[Task details]: Return the data below unchanged, without images.

***** Given records *****

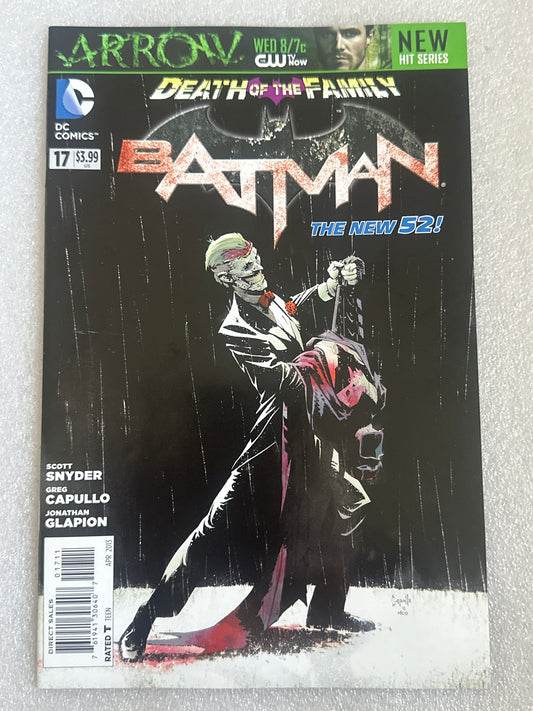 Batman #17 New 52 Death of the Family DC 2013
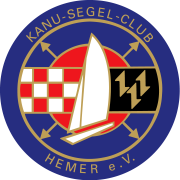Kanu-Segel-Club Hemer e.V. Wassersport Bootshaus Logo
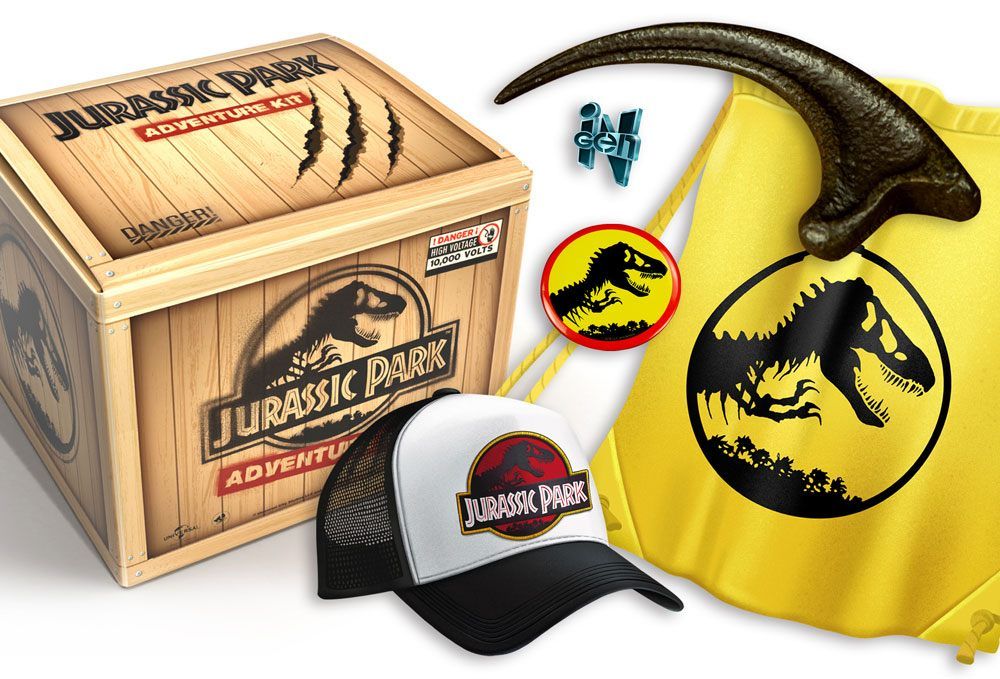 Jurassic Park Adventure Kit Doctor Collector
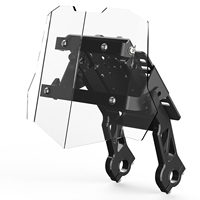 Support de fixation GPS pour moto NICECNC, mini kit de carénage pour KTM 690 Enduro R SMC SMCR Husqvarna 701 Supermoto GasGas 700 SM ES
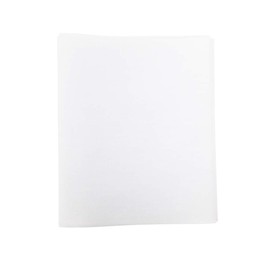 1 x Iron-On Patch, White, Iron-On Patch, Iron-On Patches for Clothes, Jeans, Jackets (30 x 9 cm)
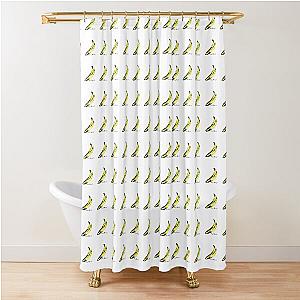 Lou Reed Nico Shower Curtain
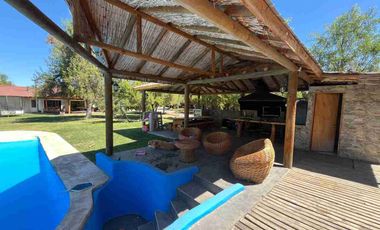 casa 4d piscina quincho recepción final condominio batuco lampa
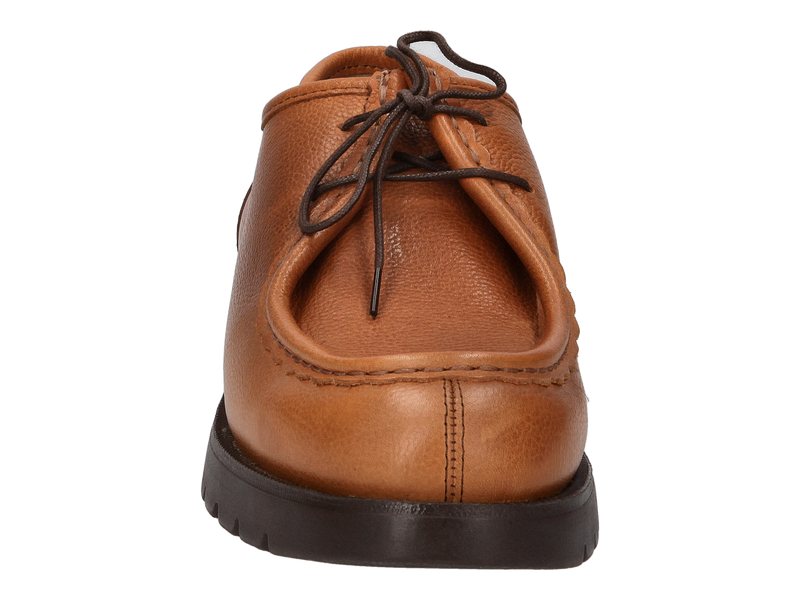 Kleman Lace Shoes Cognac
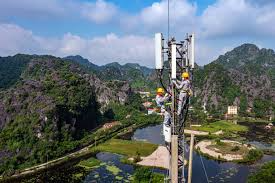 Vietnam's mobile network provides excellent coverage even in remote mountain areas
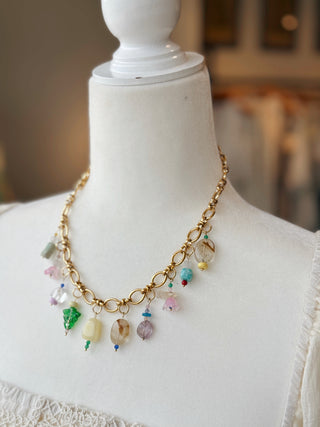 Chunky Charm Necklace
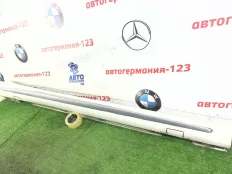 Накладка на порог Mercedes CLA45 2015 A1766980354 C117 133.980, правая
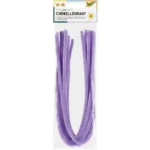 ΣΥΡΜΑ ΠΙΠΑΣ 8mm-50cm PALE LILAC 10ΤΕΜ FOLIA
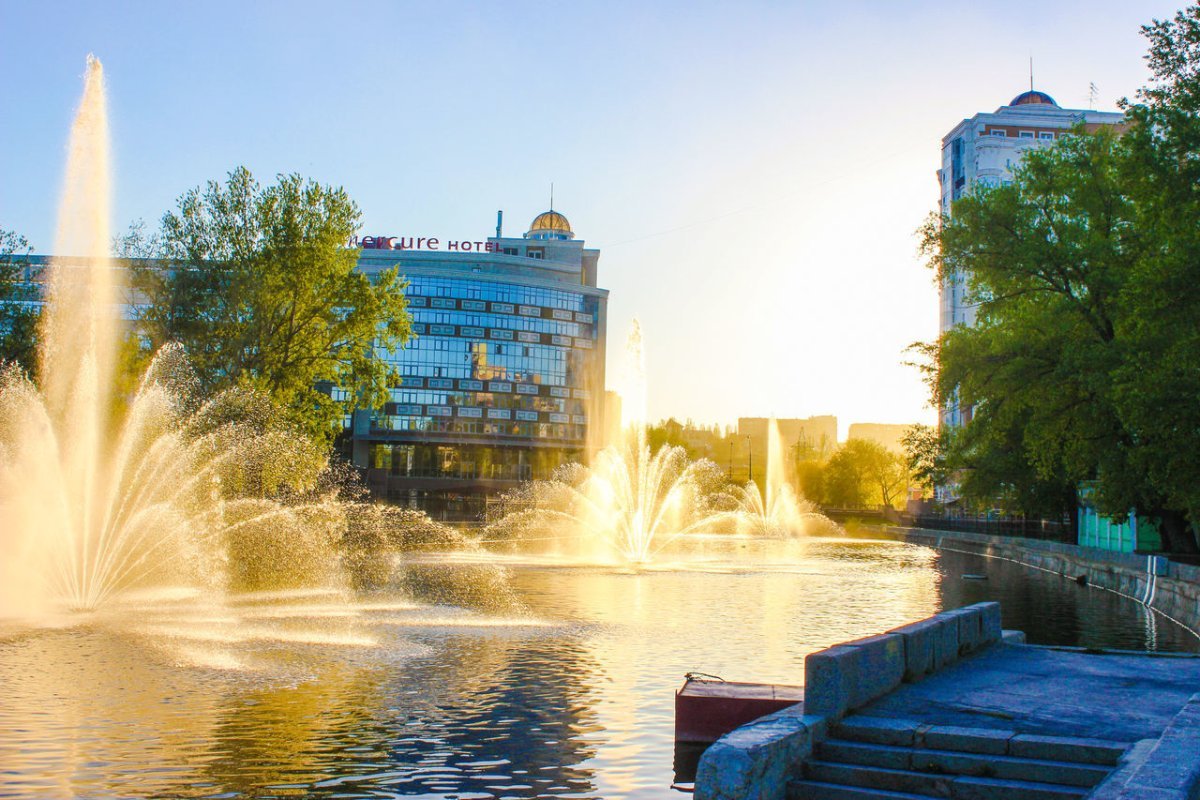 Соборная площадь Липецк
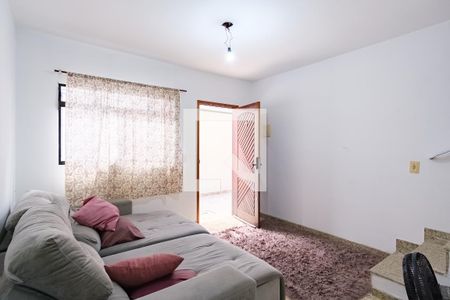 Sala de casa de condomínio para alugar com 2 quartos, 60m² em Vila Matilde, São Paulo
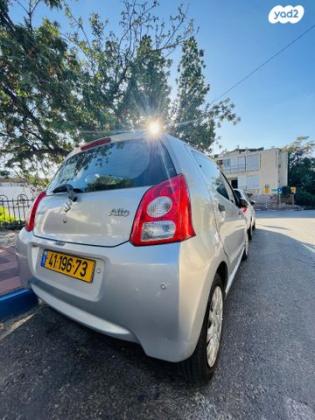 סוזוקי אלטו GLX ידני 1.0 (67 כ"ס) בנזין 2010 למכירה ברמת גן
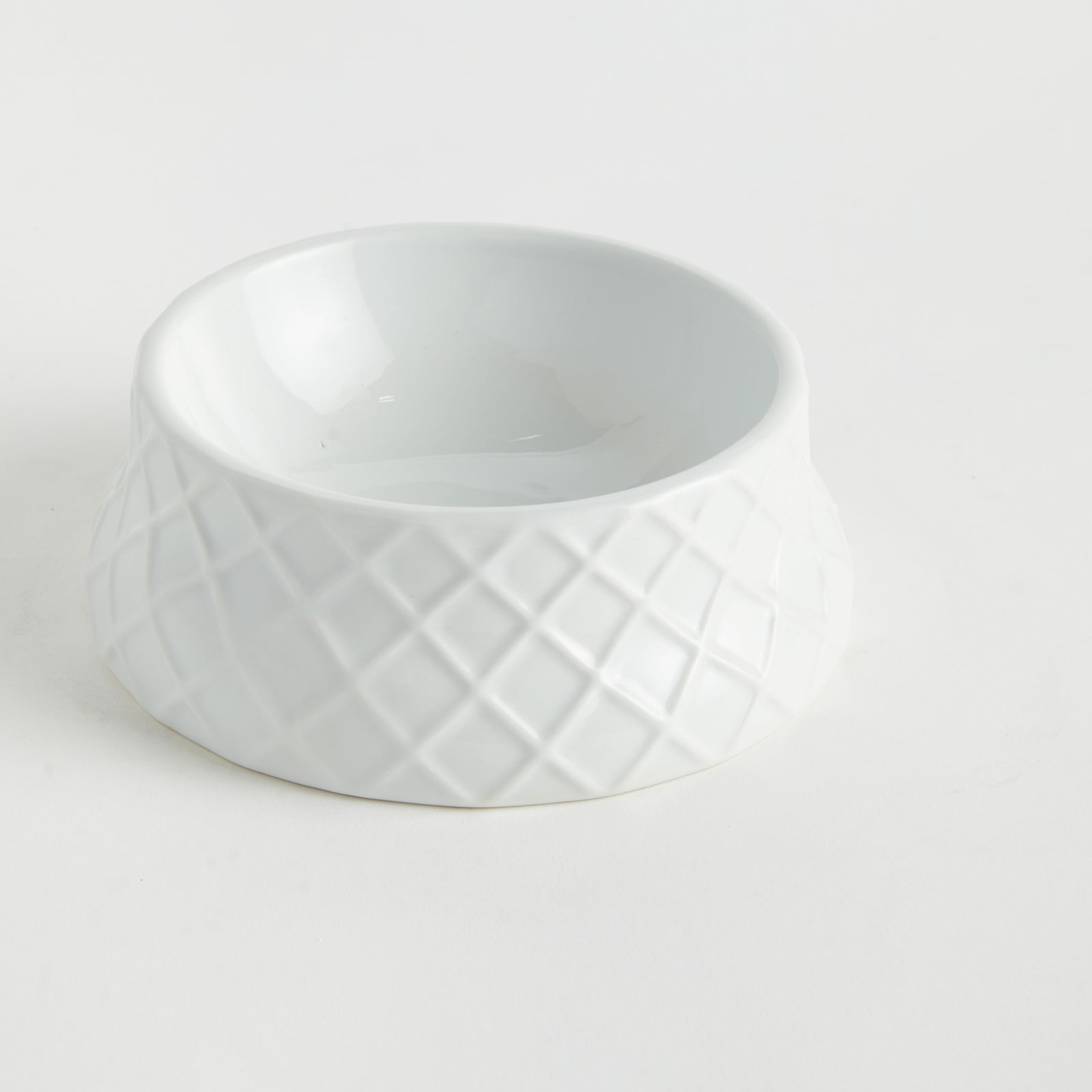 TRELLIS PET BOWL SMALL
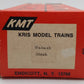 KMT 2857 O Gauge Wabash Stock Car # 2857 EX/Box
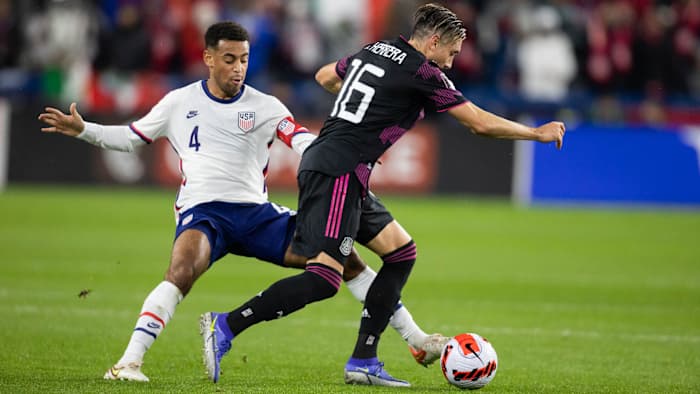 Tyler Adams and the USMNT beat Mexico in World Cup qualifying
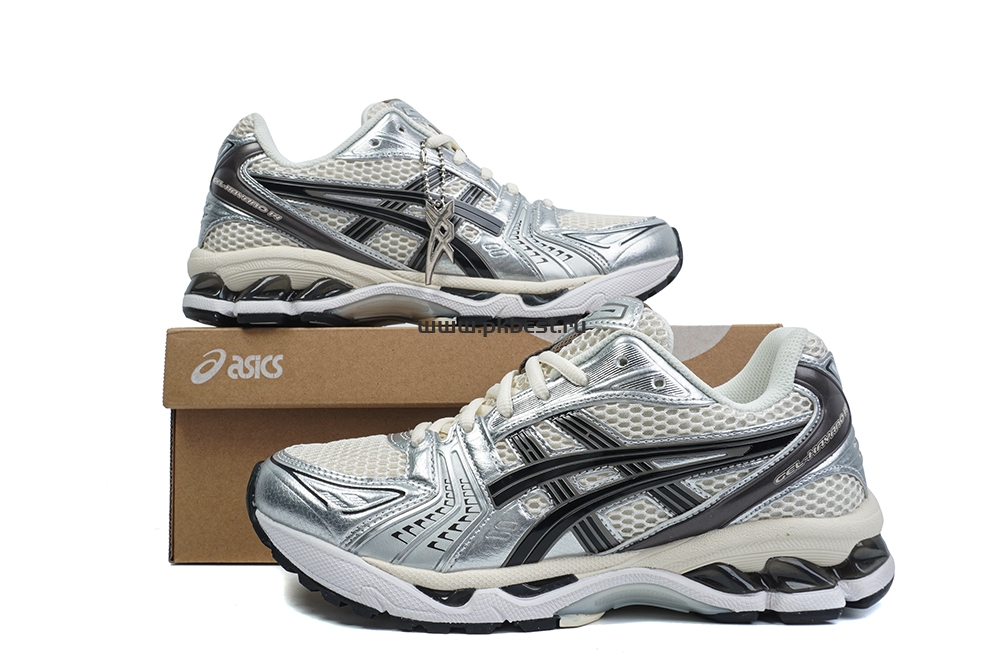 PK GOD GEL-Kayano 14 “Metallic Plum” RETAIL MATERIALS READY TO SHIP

*****

[Task result]:
 Batman #17 New 52 Death of the Family DC 2013
Kanu-Segel-Club Hemer e.V. Wassersport Bootshaus Logo
 Jurassic Park Adventure Kit Doctor Collector
 Support de fixation GPS pour moto NICECNC, mini kit de carénage pour KTM 690 Enduro R SMC SMCR Husqvarna 701 Supermoto GasGas 700 SM ES
 1 x Iron-On Patch, White, Iron-On Patch, Iron-On Patches for Clothes, Jeans, Jackets (30 x 9 cm)
 Lou Reed Nico Shower Curtain
 casa 4d piscina quincho recepción final condominio batuco lampa
 Kleman Lace Shoes Cognac
 Vietnam's mobile network provides excellent coverage even in remote mountain areas
 Chunky Charm Necklace
 Накладка на порог Mercedes CLA45 2015 A1766980354 C117 133.980, правая
 ΣΥΡΜΑ ΠΙΠΑΣ 8mm-50cm PALE LILAC 10ΤΕΜ FOLIA
 Соборная площадь Липецк
 Sala de casa de condomínio para alugar com 2 quartos, 60m² em Vila Matilde, São Paulo
 סוזוקי אלטו GLX ידני 1.0 (67 כ"ס) בנזין 2010 למכירה ברמת גן
 TRELLIS PET BOWL SMALL
 KMT 2857 O Gauge Wabash Stock Car # 2857 EX/Box
 Tyler Adams and the USMNT beat Mexico in World Cup qualifying
 PK GOD GEL-Kayano 14 “Metallic Plum” RETAIL MATERIALS READY TO SHIP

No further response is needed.